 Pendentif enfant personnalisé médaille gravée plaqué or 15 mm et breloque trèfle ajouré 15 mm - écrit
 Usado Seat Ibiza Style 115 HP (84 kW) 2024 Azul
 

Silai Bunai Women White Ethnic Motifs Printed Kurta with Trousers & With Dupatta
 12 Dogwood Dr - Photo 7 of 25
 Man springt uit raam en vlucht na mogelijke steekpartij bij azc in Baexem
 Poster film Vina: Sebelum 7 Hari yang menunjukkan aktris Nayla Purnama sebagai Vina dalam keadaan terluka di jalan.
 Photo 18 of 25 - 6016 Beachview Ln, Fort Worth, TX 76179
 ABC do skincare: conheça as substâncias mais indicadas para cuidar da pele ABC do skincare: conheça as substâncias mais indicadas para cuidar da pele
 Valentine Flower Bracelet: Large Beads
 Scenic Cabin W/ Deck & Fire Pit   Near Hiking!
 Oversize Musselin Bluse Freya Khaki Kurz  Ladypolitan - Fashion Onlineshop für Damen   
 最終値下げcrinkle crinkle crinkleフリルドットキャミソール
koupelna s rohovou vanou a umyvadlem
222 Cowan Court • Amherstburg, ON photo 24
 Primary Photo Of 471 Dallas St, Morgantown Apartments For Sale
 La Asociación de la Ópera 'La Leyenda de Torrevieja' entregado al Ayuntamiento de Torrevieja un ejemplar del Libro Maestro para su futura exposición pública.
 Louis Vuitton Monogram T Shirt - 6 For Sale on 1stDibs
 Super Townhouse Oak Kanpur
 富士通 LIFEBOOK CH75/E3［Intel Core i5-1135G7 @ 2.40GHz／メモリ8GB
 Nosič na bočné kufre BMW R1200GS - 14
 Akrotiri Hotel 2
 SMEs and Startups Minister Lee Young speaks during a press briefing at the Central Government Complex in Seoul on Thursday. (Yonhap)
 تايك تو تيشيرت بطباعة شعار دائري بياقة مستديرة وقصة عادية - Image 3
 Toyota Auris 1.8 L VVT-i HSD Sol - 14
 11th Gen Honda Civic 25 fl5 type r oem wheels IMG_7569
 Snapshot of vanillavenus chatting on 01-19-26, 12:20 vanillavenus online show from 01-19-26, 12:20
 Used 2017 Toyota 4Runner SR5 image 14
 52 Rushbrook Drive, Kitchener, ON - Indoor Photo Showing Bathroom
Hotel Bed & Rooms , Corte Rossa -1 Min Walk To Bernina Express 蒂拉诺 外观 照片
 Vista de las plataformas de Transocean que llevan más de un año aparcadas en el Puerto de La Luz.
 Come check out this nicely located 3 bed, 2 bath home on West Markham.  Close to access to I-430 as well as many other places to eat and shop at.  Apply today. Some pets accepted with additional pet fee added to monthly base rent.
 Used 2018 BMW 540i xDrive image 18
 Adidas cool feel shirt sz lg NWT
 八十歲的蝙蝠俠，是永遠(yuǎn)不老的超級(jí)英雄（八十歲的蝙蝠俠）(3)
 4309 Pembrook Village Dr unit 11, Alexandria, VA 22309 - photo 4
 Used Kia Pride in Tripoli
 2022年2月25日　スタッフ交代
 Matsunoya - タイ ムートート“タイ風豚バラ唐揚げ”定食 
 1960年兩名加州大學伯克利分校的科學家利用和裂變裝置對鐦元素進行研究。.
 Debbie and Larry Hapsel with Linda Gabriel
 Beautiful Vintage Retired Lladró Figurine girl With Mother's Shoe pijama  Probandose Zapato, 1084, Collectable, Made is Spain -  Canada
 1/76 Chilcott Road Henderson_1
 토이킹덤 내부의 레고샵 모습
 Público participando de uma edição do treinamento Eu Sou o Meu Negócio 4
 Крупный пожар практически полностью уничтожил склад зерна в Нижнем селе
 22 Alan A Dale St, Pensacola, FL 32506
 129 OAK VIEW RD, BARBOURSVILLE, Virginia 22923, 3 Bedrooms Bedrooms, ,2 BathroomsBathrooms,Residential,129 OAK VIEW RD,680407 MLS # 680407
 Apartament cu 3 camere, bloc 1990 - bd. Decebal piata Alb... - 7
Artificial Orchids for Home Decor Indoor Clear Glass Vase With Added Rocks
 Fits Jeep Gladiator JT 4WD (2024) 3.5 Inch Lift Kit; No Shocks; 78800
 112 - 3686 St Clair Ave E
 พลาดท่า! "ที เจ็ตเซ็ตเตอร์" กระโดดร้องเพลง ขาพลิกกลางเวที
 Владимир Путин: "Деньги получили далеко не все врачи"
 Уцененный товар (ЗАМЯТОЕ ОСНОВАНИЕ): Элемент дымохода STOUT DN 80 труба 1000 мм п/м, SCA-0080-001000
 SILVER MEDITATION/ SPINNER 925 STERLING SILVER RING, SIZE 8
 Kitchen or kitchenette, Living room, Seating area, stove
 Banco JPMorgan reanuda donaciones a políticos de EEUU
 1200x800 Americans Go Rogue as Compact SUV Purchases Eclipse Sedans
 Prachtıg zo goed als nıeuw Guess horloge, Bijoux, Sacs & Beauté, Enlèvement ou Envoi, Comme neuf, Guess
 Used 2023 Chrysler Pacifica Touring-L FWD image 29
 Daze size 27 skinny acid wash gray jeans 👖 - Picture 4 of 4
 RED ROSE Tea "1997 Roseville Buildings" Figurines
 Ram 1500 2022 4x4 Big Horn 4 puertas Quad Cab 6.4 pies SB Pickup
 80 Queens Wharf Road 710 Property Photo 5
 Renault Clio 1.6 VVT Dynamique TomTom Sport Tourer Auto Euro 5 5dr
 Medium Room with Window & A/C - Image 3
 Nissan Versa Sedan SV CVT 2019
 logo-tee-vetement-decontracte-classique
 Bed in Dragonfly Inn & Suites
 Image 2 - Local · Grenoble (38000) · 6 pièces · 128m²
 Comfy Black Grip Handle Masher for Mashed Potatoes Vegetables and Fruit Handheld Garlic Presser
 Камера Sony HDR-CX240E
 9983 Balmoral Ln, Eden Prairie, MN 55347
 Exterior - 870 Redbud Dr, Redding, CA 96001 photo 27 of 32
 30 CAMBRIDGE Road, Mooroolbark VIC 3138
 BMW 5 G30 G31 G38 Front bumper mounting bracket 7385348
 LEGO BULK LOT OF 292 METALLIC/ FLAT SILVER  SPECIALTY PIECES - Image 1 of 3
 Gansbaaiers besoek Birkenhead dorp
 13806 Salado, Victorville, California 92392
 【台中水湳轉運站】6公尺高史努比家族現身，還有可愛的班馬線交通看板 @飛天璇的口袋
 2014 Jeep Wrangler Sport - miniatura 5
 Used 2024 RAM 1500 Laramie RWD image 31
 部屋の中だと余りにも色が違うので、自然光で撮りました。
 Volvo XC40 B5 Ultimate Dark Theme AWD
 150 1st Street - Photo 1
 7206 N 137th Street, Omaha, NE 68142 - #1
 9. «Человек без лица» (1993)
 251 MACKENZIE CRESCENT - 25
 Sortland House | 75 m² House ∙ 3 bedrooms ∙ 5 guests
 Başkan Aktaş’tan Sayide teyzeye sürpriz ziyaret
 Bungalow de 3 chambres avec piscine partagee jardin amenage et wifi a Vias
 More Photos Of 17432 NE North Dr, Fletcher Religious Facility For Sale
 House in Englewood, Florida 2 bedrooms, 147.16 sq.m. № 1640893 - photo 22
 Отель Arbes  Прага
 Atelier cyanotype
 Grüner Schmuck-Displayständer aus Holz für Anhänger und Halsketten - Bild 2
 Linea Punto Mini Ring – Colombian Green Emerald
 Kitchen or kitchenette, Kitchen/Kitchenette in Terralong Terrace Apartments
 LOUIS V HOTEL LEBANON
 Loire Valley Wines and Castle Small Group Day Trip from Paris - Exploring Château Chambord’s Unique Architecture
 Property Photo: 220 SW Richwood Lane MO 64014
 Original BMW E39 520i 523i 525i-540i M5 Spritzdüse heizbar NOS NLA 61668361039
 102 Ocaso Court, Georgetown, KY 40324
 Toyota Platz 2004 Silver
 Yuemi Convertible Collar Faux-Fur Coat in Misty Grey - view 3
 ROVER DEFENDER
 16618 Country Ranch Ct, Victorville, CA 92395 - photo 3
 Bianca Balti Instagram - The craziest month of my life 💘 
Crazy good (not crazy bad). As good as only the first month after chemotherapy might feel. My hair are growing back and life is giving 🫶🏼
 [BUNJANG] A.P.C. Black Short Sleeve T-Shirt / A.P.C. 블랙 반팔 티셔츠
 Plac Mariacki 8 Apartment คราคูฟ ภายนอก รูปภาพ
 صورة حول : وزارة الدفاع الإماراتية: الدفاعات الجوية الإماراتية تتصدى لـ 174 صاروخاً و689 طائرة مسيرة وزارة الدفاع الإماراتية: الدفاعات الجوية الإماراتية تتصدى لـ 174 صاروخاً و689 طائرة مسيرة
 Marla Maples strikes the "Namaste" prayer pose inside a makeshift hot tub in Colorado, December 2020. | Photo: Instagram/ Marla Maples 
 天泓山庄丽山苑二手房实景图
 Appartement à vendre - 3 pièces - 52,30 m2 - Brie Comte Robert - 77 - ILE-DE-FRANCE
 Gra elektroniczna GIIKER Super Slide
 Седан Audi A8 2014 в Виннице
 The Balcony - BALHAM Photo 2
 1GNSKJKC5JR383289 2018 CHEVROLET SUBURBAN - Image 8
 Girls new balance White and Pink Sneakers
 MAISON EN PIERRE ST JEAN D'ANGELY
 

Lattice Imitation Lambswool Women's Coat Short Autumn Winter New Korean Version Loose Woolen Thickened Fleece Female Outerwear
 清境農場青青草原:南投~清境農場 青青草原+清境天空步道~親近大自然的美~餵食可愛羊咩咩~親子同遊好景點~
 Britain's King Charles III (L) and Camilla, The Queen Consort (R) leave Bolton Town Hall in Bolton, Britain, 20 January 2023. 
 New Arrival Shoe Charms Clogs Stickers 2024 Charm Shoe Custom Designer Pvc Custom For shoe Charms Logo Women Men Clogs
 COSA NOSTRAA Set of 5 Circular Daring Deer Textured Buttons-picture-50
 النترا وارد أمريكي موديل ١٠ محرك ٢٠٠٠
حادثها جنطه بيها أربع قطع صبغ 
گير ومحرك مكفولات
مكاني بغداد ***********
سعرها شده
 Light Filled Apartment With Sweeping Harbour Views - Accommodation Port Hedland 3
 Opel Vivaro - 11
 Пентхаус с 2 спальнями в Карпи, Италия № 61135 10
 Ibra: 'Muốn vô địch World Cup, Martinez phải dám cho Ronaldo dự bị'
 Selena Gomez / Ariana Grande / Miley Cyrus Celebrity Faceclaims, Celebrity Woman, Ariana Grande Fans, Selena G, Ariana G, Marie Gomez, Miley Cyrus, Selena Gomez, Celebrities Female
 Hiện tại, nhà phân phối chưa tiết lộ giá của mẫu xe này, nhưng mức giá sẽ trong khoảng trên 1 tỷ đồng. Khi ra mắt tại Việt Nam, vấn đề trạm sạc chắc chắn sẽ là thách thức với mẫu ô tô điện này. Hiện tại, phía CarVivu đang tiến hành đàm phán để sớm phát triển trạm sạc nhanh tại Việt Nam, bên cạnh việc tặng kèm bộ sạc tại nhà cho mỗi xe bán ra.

WHAT THE EXERCISE ASKS: From the first line of the records to the line containing "Valentine Flower Bracelet: Large Beads", inclusive, transcribe everything exactly and leave out the rest.

ANSWER TO THIS PROBLEM:
 Pendentif enfant personnalisé médaille gravée plaqué or 15 mm et breloque trèfle ajouré 15 mm - écrit
 Usado Seat Ibiza Style 115 HP (84 kW) 2024 Azul
 

Silai Bunai Women White Ethnic Motifs Printed Kurta with Trousers & With Dupatta
 12 Dogwood Dr - Photo 7 of 25
 Man springt uit raam en vlucht na mogelijke steekpartij bij azc in Baexem
 Poster film Vina: Sebelum 7 Hari yang menunjukkan aktris Nayla Purnama sebagai Vina dalam keadaan terluka di jalan.
 Photo 18 of 25 - 6016 Beachview Ln, Fort Worth, TX 76179
 ABC do skincare: conheça as substâncias mais indicadas para cuidar da pele ABC do skincare: conheça as substâncias mais indicadas para cuidar da pele
 Valentine Flower Bracelet: Large Beads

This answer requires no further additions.